__What the exercise asks__
Reproduce only the lines that begin at the line with "𝗗𝗼𝗯𝘀𝗵𝗼𝘄® 𝗪𝗮𝗿𝘁 𝗮𝗻𝗱" and run to the end of the entries; omit every picture.

Stored items from a collection
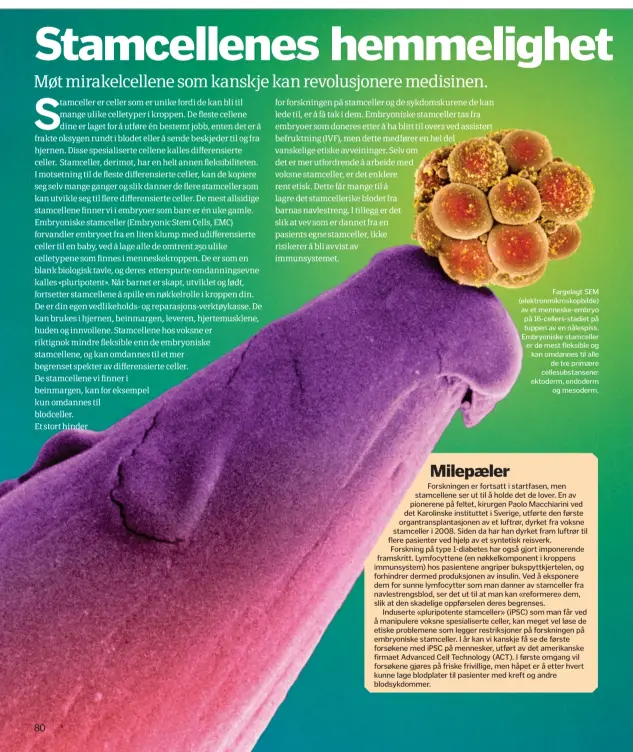  ??  ?? Fargelagt SEM ( elektronmi­kroskopbil­de) av et menneske- embryo på 16- cellers- stadiet på tuppen av en nålespiss. Embryonisk­e stamceller er de mest fleksible og kan omdannes til alle
de tre primære cellesubst­ansene: ektoderm, endoderm
og mesoderm.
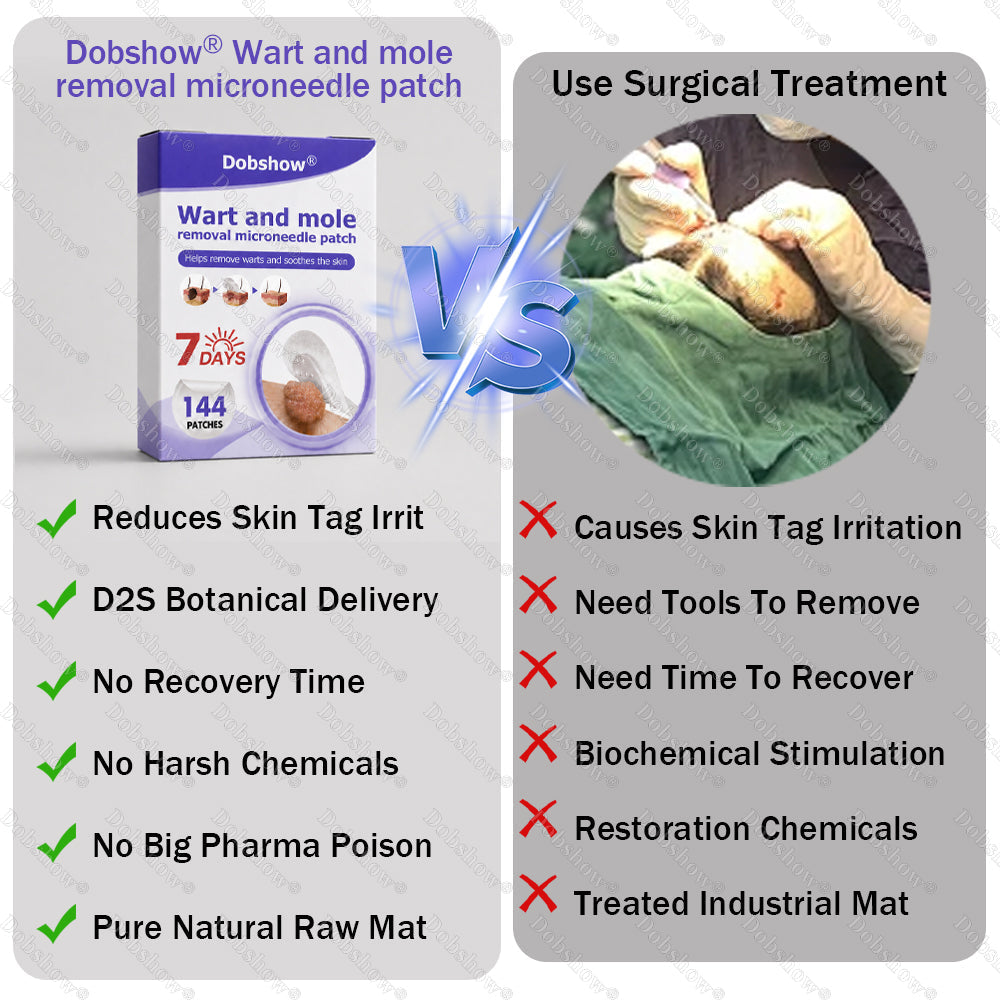 𝗗𝗼𝗯𝘀𝗵𝗼𝘄® 𝗪𝗮𝗿𝘁 𝗮𝗻𝗱 𝗺𝗼𝗹𝗲 𝗿𝗲𝗺𝗼𝘃𝗮𝗹 𝗺𝗶𝗰𝗿𝗼𝗻𝗲𝗲𝗱𝗹𝗲 𝗽𝗮𝘁𝗰𝗵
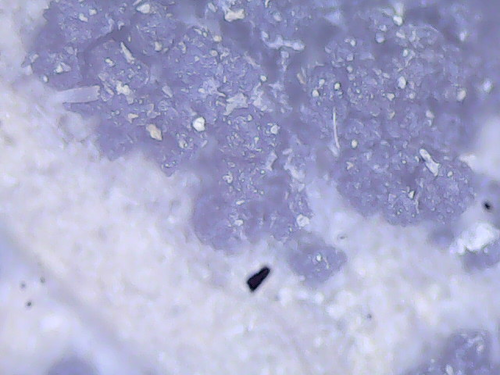 Giberela (Fusarium graminearum)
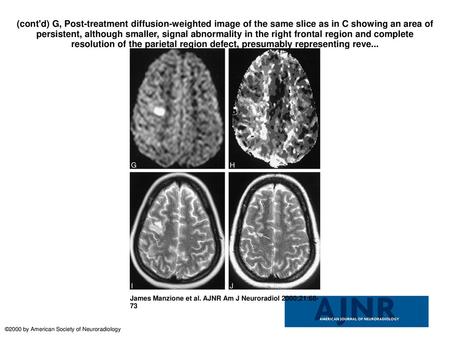 (cont'd) G, Post-treatment diffusion-weighted image of the same slice as in C showing an area of persistent, although smaller, signal abnormality in the.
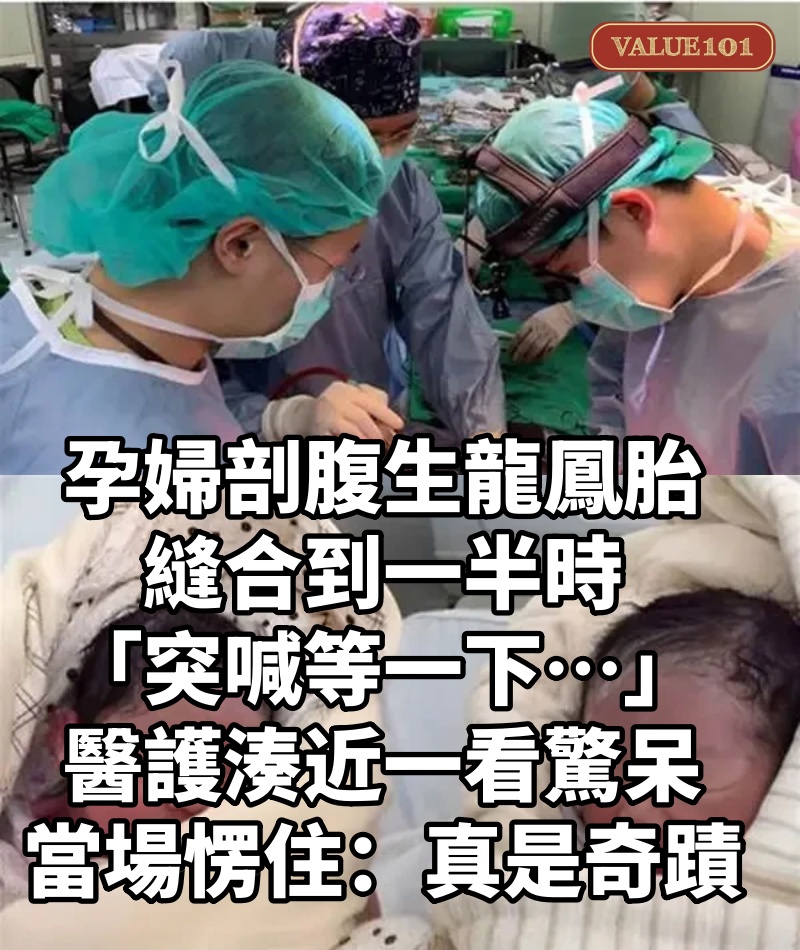 孕婦剖腹生龍鳳胎!縫合到一半時「突喊等一下…」醫護「湊近一看驚呆」當場愣住:真是奇蹟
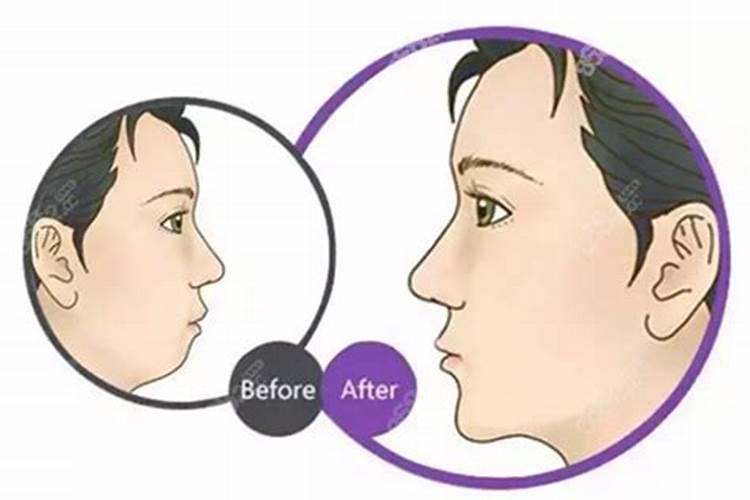 马铃薯应该怎么追肥？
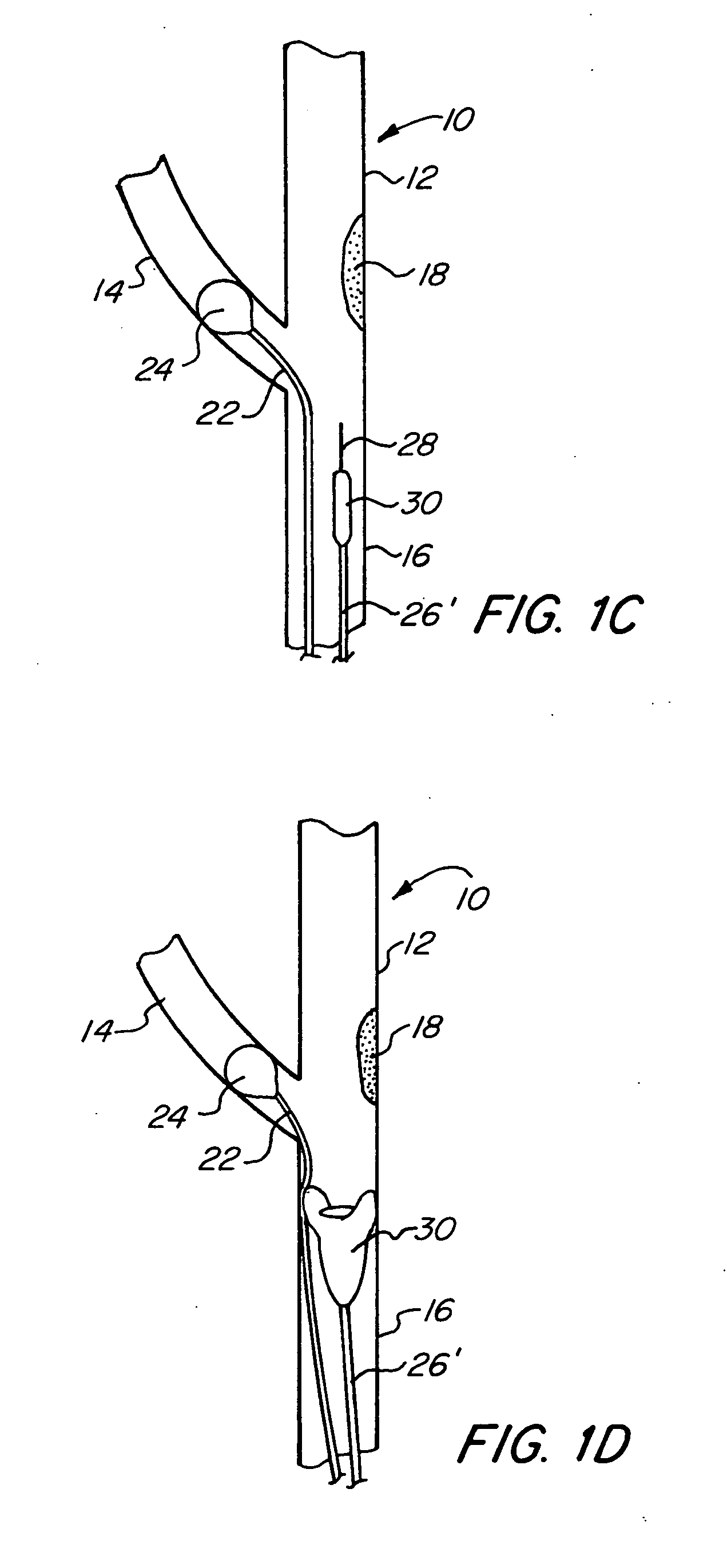 Proximal protection balloon catheter method and device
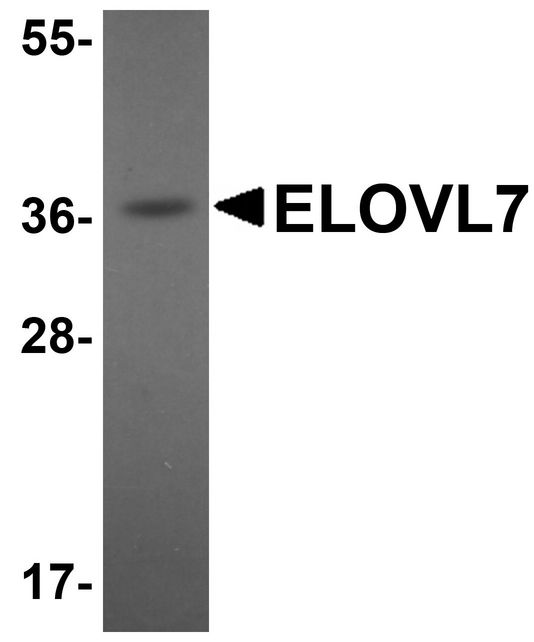 ELOVL7 Antibody - Western blot analysis of ELOVL7 in human liver tissue lysate with ELOVL7 antibody at 1 ug/ml.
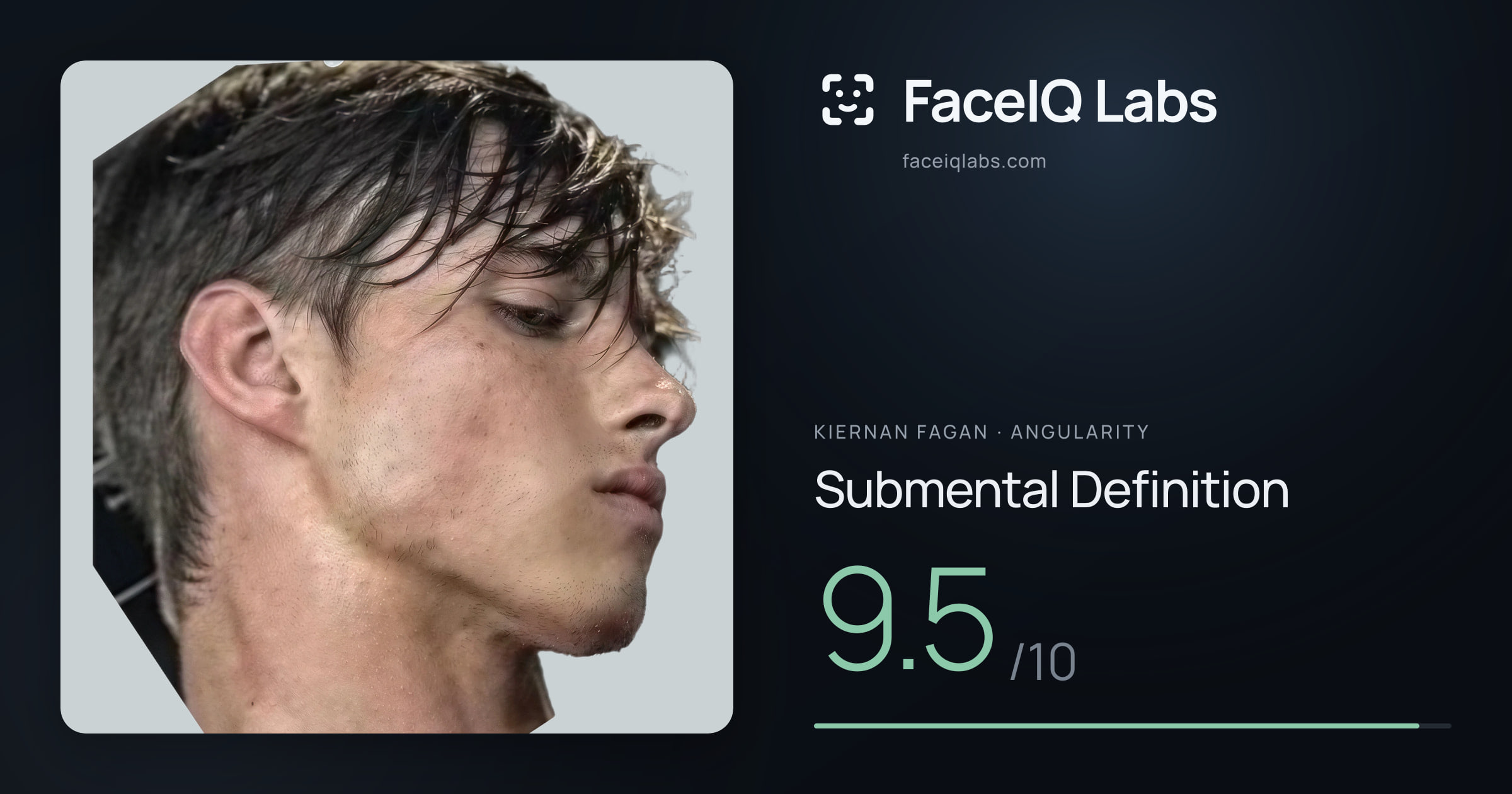 Kiernan Fagan Submental Definition: 9.5/10, drawn on the photo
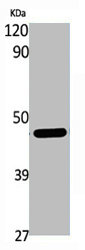 CNP antibody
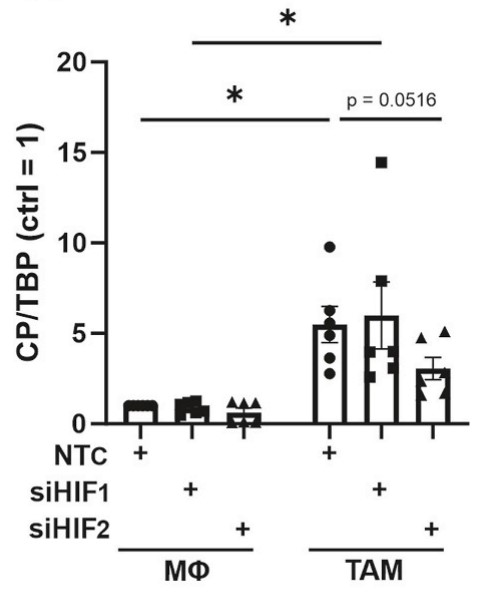 Ceruloplasmin (CP) mRNA was measured and normalized to TATA box binding protein (TBP).jpg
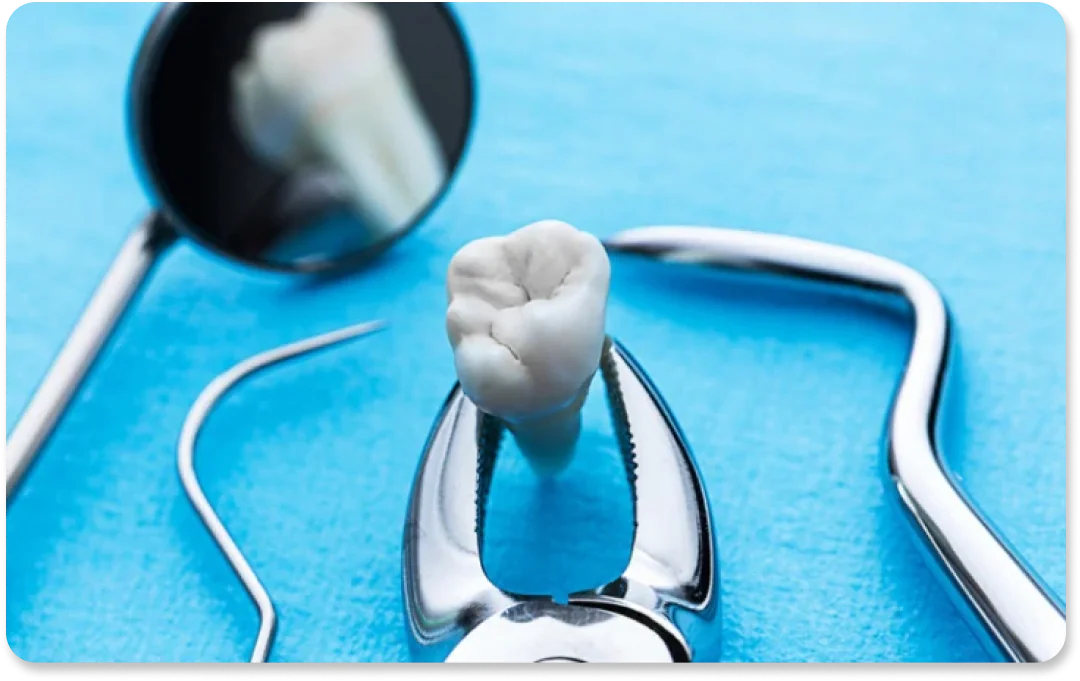 Oralna kirurgija - Dental Centar Dubrava Oralna kirurgija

__Task response__
 𝗗𝗼𝗯𝘀𝗵𝗼𝘄® 𝗪𝗮𝗿𝘁 𝗮𝗻𝗱 𝗺𝗼𝗹𝗲 𝗿𝗲𝗺𝗼𝘃𝗮𝗹 𝗺𝗶𝗰𝗿𝗼𝗻𝗲𝗲𝗱𝗹𝗲 𝗽𝗮𝘁𝗰𝗵
 Giberela (Fusarium graminearum)
 (cont'd) G, Post-treatment diffusion-weighted image of the same slice as in C showing an area of persistent, although smaller, signal abnormality in the.
 孕婦剖腹生龍鳳胎!縫合到一半時「突喊等一下…」醫護「湊近一看驚呆」當場愣住:真是奇蹟
 马铃薯应该怎么追肥？
 Proximal protection balloon catheter method and device
 ELOVL7 Antibody - Western blot analysis of ELOVL7 in human liver tissue lysate with ELOVL7 antibody at 1 ug/ml.
 Kiernan Fagan Submental Definition: 9.5/10, drawn on the photo
 CNP antibody
 Ceruloplasmin (CP) mRNA was measured and normalized to TATA box binding protein (TBP).jpg
 Oralna kirurgija - Dental Centar Dubrava Oralna kirurgija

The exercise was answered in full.